IP Law Clerk Charlotte Godart contributed to this blog post.

In March of this year, the U.S. Patent and Trademark Office and the U.S. Copyright Office submitted a report to Congress with findings on the intellectual property issues raised by non-fungible tokens (NFTs). The congressional report concluded that no new laws specific to NFTs are needed at this time given how frequently the technology is changing. However, the report raised concern with unique intellectual property issues created by the buying and selling of NFTs such as issues relating to trademarks.
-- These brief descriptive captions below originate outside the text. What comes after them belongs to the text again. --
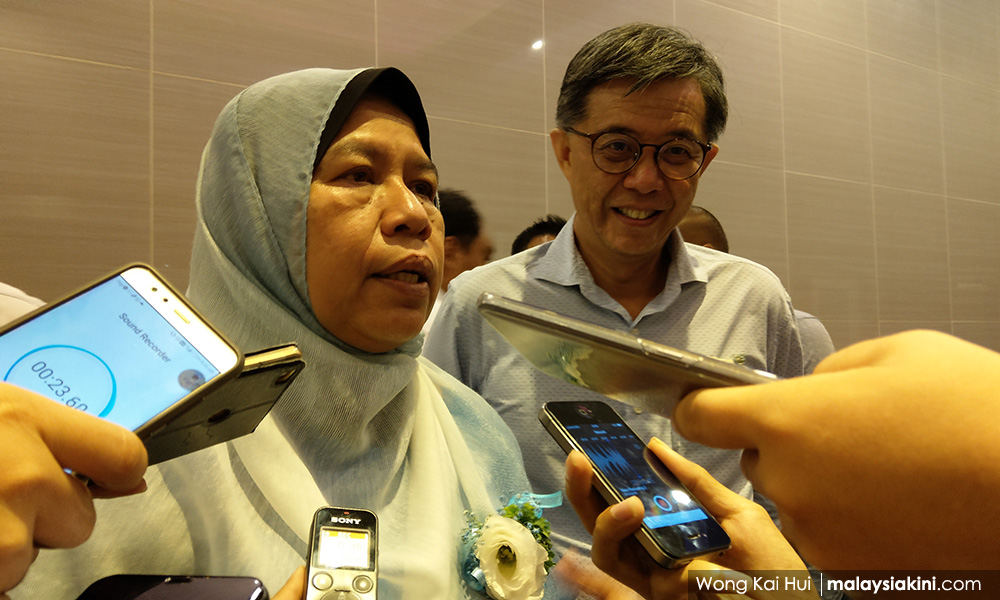 'Irregularities' in PKR polls, claim Tian Chua and Zuraida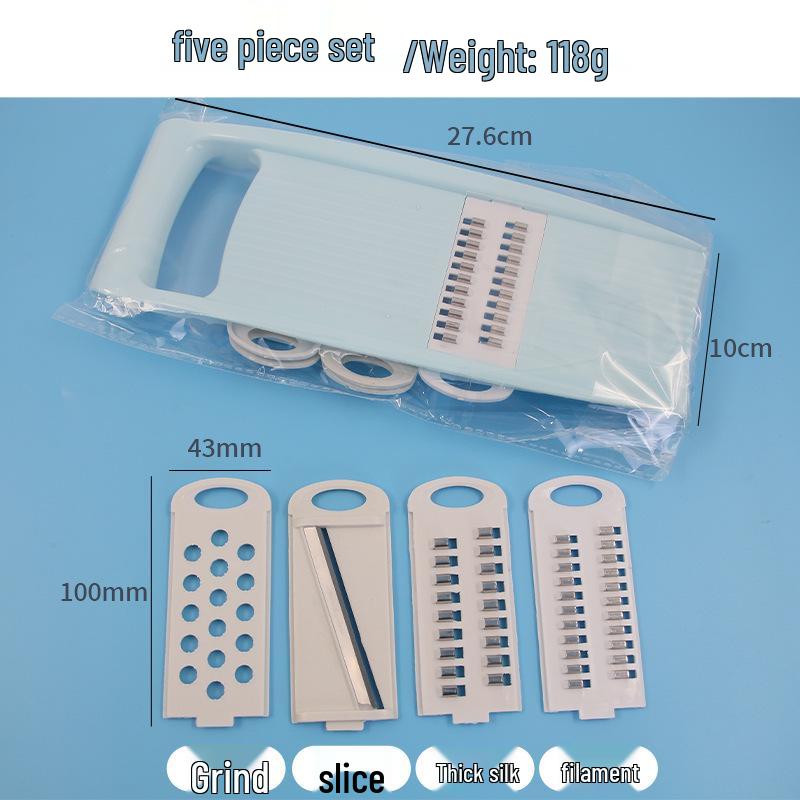 Многофункциональная овощерезка и терка из нержавеющей стали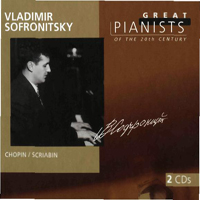 Vladimir Sofronitsky - Great Pianists Of The 20Th Century (Vladimir Sofronitsky) (CD 1)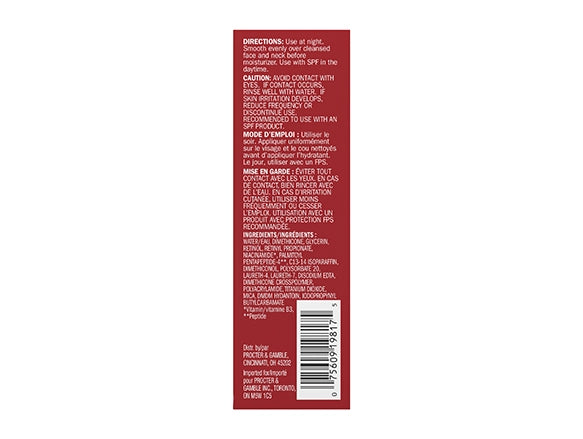 Olay Retinol Night Smoothing Serum 40ml in Sri Lanka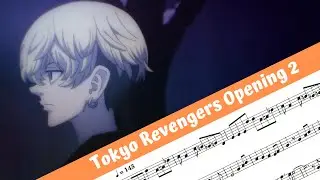 Tokyo Revengers Opening 2 (Flute)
The trademark issues raised can be divided into three categories:

  1. Registering a trademark for an NFT;
  2. overlap of protection between a trademark for a physical good and a digital good; and
  3. enforcement.

With respect to registering a trademark for an NFT, the report highlighted issues related to classifying NFT-related goods and services and uncertainty regarding “specimens of use” for applications including NFTs. For both of these issues, the report’s consensus is that more guidance and documentation is needed from the USPTO.

For owners of a trademark for a physical good, the report indicated uncertainty with whether any protection would extend to NFTs of that physical good, or in other words “digital goods.” One specific question raised was whether physical goods will be considered against digital goods in a likelihood of confusion analysis. The report mentions a recent case, Hermès Int’l v. Rothschild, No. 1:22-cv-00384 JSR (S.D.N.Y. Feb. 8, 2023), in which the defendant created digital art of the infamous Hermès Birkin bag and was selling them as NFTs through defendant’s site, metabirkin.com. Hermès brought claims against the defendant for trademark infringement, trademark dilution, and cybersquatting. A jury found defendant liable on all claims and awarded Hermès $133,000 in damages. The court held that the Hermès trademarks for “BIRKIN” with respect to physical goods extended into the digital NFT space. Interestingly, Hermès indicated at trial that they are intending to eventually create NFTs themselves and that the defendant’s infringing sales prevented them from doing so. Perhaps this influenced the outcome, but it still remains unclear whether this precedent will hold, especially as it relates to works of artistic expression, which are typically excluded from trademark infringement through the First Amendment.

Finally, the report discussed issues with trademark enforcement, particularly because trademark infringement appears to be the most prevalent form of IP infringement on NFT platforms. Trademark infringement commonly occurs when someone uses a trademark with respect to an NFT asset or within an account, domain, or digital wallet. Enforcement of trademark rights is challenging in this new digital space given a lack of centralized procedures or a controlling authority for these Web3 domains and platforms. However, the report concludes that current IP protective measures should be enough to combat infringement, even in the context of this uncertainty.

There remains much legal uncertainty when it comes to NFTs, particularly with respect to trademark registration and enforcement. As cases continue to be decided and the law takes a clearer shape, hopefully many of these questions will be answered. In the meantime, the USPTO is continuing to offer NFT-specific training and guidance. Trademark owners should remain vigilant of potential infringement in these digital spaces.